今日の私は、11時前までこの展覧会の会場におりますが、その後は所用のために不在にいたします。
今日お越しくださる皆様、ゴメンなさい。

植物に心は無い?

植物って命のある生き物です。
けれど一般的には、動物や虫などの様に何かを考えたり何かを感じたりしている様にはみられていないと思います。

しかし私は、植物にも何かを感じるアンテナはあると思っています。
それは私が「いけばな」を職業にしているから言っているのではなく、職業がら植物を身近に感じているなかでそんな風に感じることが多いのです。

ええ、植物にも何かを感じるアンテナは絶対に存在しています。
いうなれば ”ある種の心” だと思うのです。

植物も何かを感じるという事は色んなところで実証されています

植物に「心がある」なんて言うと、お前は馬鹿か???って総ツッコミされそうですが、実はそんな風な研究結果も色々発表されているのをご存知でしょうか。
あっ、「心」とは言われてはいないかな。。(笑)

植物に音楽を聞かせたりすると、生育が良かったり実りが良かったりするという事は、これまでにいろいろな研究で実証されています。
またあるいは植物同士で特定の微弱な電波のようなもので交信しているというようなことも、何かの本で読んだこともあります。
そして枝などを切られると、痛がるような信号を発するというようなことも読んだことがあります。

生けているお花は、心を込めてあげると答えてくれます

日頃お花を生けていて、私は「生け手の心は作品の植物に伝わっている」と思う事が良くあります。

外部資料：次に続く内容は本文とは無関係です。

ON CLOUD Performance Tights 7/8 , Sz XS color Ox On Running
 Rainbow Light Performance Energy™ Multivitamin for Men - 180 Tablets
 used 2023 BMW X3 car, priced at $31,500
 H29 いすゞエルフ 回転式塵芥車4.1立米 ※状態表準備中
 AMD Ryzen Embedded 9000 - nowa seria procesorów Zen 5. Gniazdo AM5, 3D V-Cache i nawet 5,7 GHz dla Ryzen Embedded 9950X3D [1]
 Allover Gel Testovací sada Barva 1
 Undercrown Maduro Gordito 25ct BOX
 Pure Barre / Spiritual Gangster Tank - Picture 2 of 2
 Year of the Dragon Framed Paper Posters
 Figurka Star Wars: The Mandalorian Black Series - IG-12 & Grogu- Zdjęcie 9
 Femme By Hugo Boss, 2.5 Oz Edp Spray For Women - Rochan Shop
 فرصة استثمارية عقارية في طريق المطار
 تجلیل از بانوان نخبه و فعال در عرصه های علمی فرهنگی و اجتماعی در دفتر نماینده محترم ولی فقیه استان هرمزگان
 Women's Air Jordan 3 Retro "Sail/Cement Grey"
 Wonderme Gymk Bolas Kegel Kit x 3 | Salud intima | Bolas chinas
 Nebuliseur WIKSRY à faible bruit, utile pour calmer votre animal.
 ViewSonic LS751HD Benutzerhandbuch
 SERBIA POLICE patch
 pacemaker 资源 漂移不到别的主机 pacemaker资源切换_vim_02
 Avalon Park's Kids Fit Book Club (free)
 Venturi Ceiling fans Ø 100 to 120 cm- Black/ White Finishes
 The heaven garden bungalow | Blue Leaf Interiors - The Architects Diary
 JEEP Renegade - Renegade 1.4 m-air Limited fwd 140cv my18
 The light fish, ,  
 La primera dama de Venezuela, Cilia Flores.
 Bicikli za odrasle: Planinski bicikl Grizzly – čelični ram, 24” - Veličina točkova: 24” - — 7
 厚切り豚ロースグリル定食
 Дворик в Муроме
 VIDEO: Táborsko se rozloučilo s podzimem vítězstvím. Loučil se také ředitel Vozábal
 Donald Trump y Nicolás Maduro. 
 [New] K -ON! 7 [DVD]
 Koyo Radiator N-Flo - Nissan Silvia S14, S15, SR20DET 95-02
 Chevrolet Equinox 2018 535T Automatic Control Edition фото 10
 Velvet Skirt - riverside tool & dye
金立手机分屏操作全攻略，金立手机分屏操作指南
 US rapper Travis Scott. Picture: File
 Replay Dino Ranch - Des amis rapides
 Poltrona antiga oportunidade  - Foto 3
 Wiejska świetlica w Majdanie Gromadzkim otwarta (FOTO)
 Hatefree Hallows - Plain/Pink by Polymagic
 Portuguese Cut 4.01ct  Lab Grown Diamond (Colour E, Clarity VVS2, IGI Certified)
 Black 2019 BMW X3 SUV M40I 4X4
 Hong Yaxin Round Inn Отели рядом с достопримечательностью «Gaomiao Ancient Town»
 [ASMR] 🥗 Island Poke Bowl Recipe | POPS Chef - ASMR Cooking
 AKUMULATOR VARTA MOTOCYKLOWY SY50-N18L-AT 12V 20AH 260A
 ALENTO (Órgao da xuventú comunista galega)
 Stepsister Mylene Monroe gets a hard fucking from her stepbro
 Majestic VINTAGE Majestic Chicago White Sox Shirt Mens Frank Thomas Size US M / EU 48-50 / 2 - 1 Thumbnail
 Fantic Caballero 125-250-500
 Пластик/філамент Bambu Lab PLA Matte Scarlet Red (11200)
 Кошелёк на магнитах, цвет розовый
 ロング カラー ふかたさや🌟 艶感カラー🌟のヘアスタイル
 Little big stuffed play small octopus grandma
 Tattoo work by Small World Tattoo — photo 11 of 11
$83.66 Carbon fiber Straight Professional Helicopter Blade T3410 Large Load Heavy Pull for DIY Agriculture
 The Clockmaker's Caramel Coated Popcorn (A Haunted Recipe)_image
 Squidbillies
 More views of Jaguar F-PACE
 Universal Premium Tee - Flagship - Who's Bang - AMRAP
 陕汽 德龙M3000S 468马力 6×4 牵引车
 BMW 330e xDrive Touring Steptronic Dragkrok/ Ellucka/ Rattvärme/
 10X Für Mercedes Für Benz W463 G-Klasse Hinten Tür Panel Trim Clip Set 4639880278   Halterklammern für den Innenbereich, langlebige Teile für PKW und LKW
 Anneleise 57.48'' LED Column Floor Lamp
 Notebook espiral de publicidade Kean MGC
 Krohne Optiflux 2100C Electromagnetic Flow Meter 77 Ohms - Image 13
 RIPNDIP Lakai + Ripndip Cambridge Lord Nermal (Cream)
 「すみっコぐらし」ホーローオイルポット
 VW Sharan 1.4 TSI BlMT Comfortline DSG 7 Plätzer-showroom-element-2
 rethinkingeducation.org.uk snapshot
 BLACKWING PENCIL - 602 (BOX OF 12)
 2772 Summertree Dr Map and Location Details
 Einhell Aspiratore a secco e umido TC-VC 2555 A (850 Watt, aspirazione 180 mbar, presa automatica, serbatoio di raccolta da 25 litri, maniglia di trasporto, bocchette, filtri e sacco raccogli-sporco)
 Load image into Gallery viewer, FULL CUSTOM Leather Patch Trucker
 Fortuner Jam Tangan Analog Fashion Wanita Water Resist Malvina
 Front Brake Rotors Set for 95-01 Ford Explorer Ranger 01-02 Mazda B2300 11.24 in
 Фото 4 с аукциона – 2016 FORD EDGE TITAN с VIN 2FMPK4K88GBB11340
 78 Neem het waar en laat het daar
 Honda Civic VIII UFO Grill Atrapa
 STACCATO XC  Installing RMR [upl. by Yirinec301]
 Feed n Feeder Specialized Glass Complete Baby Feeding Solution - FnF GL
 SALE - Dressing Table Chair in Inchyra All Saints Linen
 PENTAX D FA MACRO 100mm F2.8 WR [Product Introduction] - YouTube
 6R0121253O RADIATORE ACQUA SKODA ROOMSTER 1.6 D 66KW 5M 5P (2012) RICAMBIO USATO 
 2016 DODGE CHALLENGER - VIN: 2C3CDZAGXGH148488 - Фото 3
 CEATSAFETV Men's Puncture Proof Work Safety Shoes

ただここで勘違いしてほしくないのは、私が言っているのは「生け手の心のありようが作品に反映される」という事とは全く違う事だという事です。
たとえば、その時の生け手の気持ちがノリノリな時と気乗りしない時では作品の出来が大きく違ってきます。
これは「生け手の心のありようが作品に反映されている」のであって、植物が何かを感じているようなものではありません。

そうではなく、水を替えるときに「もう少し頑張って綺麗に咲き続けてよ~」とかって小声で声をかけながら水を入れてあげたりしてあげると、日頃ならもう駄目になるかもしれないって咲き具合のお花も、1日2日散ったり萎んだりせずに持ちこたえてくれることがあるのです。

私はこういう経験を、いけばな展の時にはよくしています。

今回の「兵庫県いけばな展」の作品も何とか持ちこたえてくれているのは、私の思いに一生懸命に頑張ってくれているのだと思うと、感謝の気持ちでいっぱいです。

今回の「兵庫県いけばな展」の作品は、紅葉のハナミズキを使用しています。
紅葉って、葉っぱが散るために紅葉しているので、葉が散るのを止めることは出来ません。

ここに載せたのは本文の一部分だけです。